*What you have to do:* Copy the lines below exactly, starting at the one with "Young handsome businessman" and ending at the one with "Eine schwarze Wandleuchte", and leave out any picture.

*Image-text web data:*
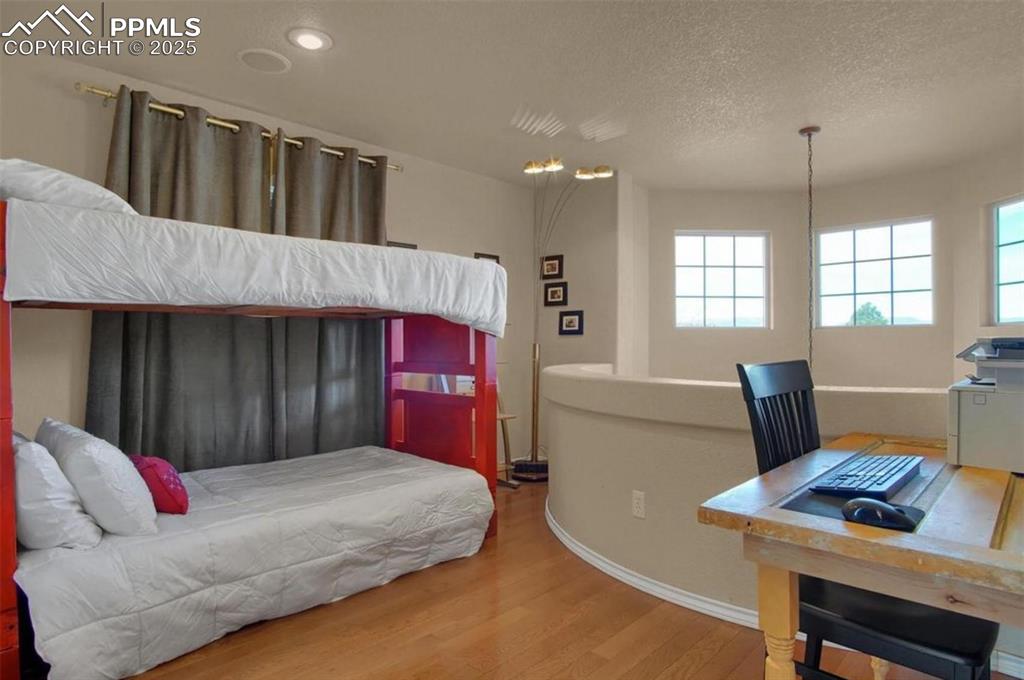Image 28 of 42: Bedroom featuring a textured ceiling, baseboards, recessed lighting, and wo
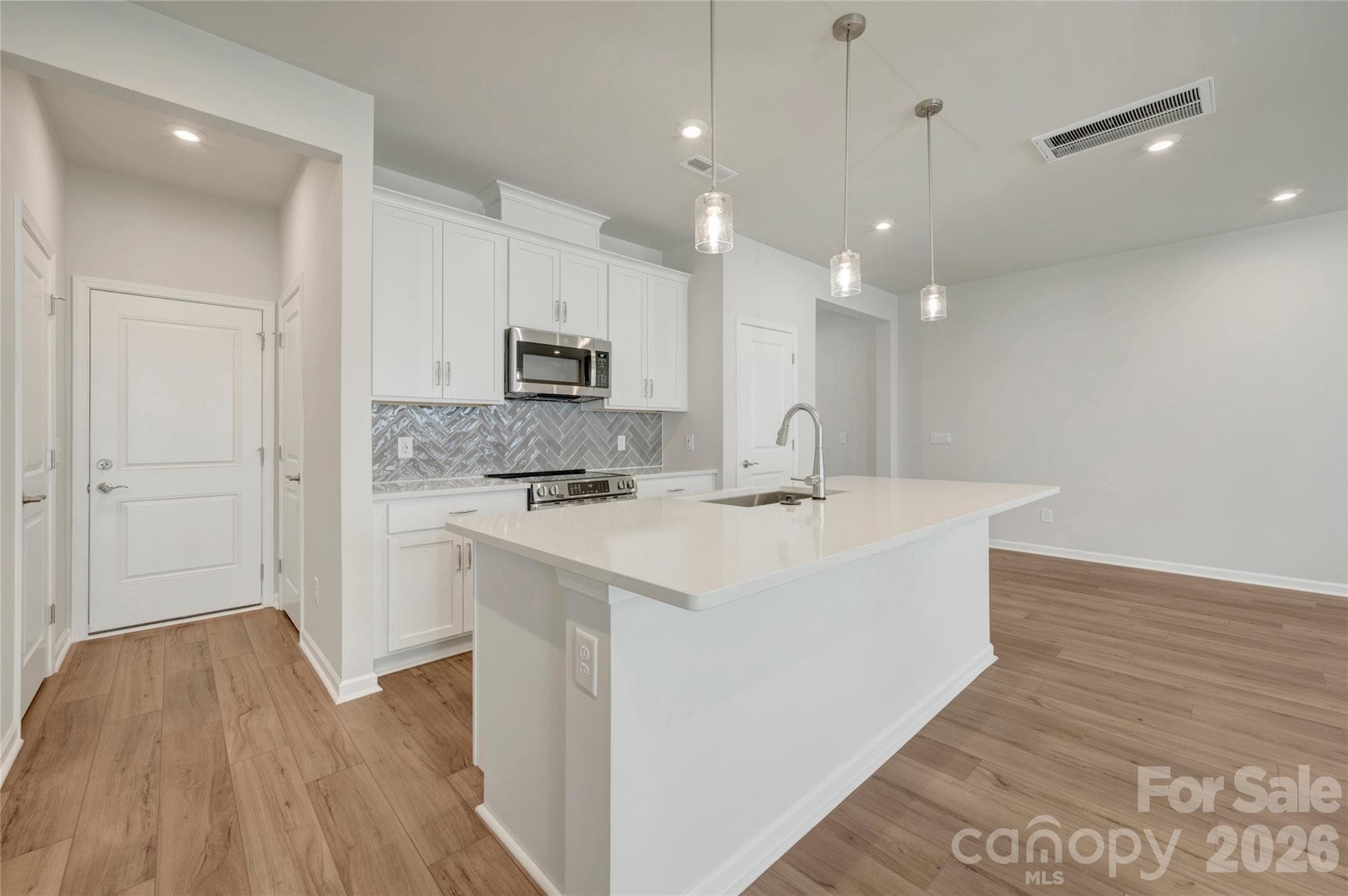 Kitchen with white cabinets and white quartz countertops - 709 Bowery Place, Cramerton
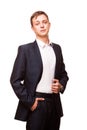 Young handsome businessman in black suit is standing straight and putting his hands in pockets, portrait isolated on Royalty Free Stock Photo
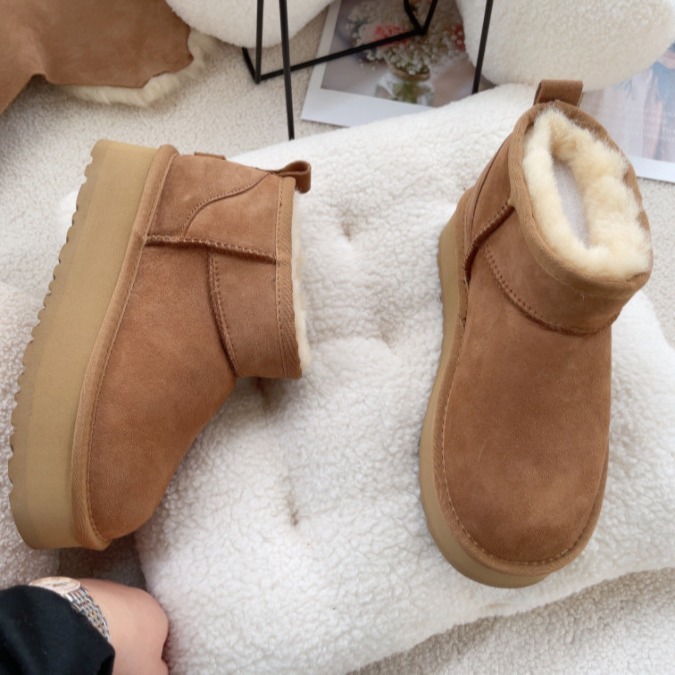 冬の女性の厚い底の周の冬の雨の雪の靴の4CMの羊の毛皮の一体の綿の靴は高くなって厚くて暖かいビスケットの底を厚くします。|undefined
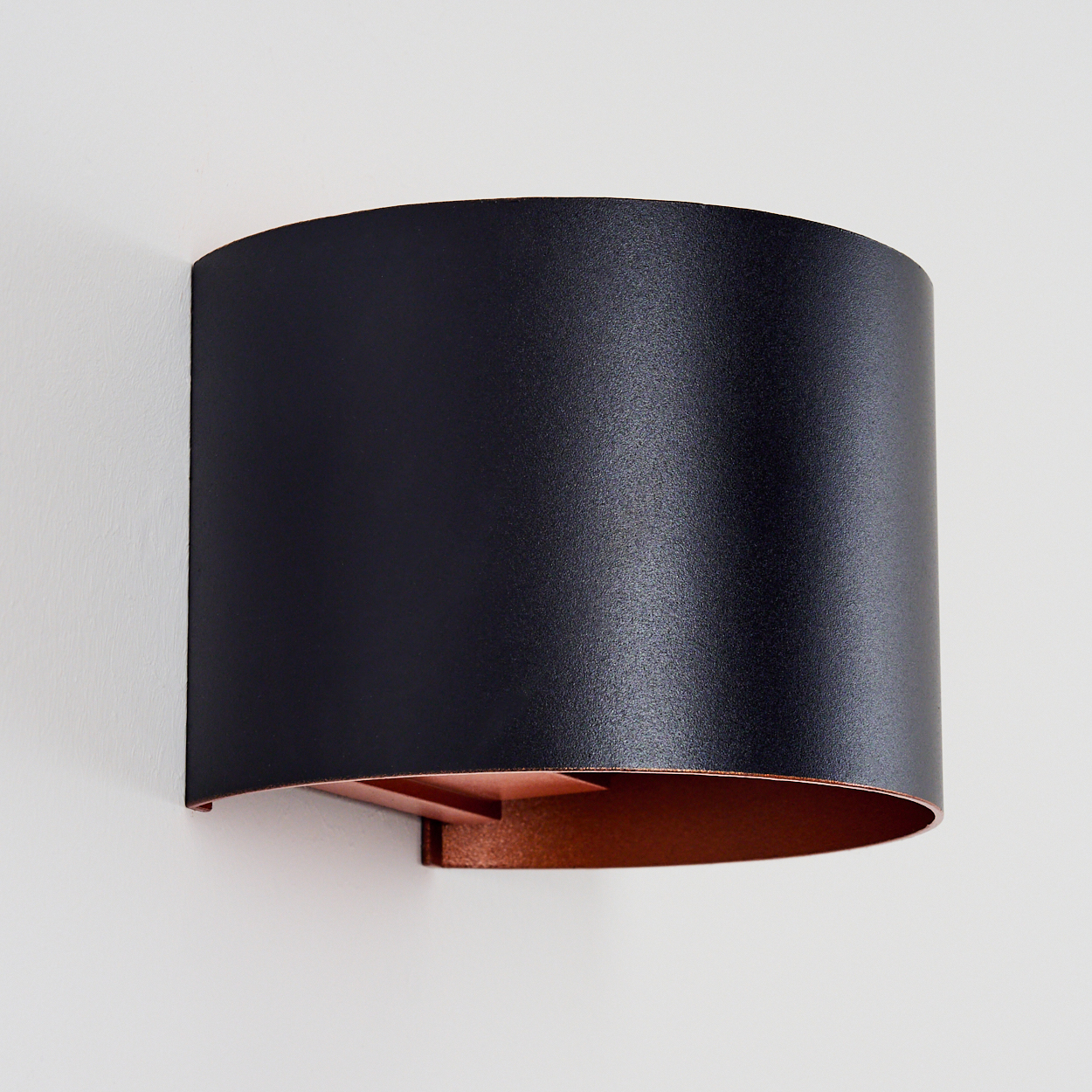 Eine schwarze Wandleuchte mit kupferfarbenem Innenteil an einer weißen Wand.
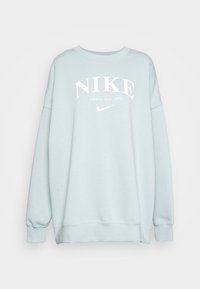Světle modrá volnější mikina s bílým nápisem "NIKE Athletic dept. 1972" a logem Nike Swoosh na přední straně.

*Task solution:*
 Young handsome businessman in black suit is standing straight and putting his hands in pockets, portrait isolated on Royalty Free Stock Photo
 冬の女性の厚い底の周の冬の雨の雪の靴の4CMの羊の毛皮の一体の綿の靴は高くなって厚くて暖かいビスケットの底を厚くします。|undefined
 Eine schwarze Wandleuchte mit kupferfarbenem Innenteil an einer weißen Wand.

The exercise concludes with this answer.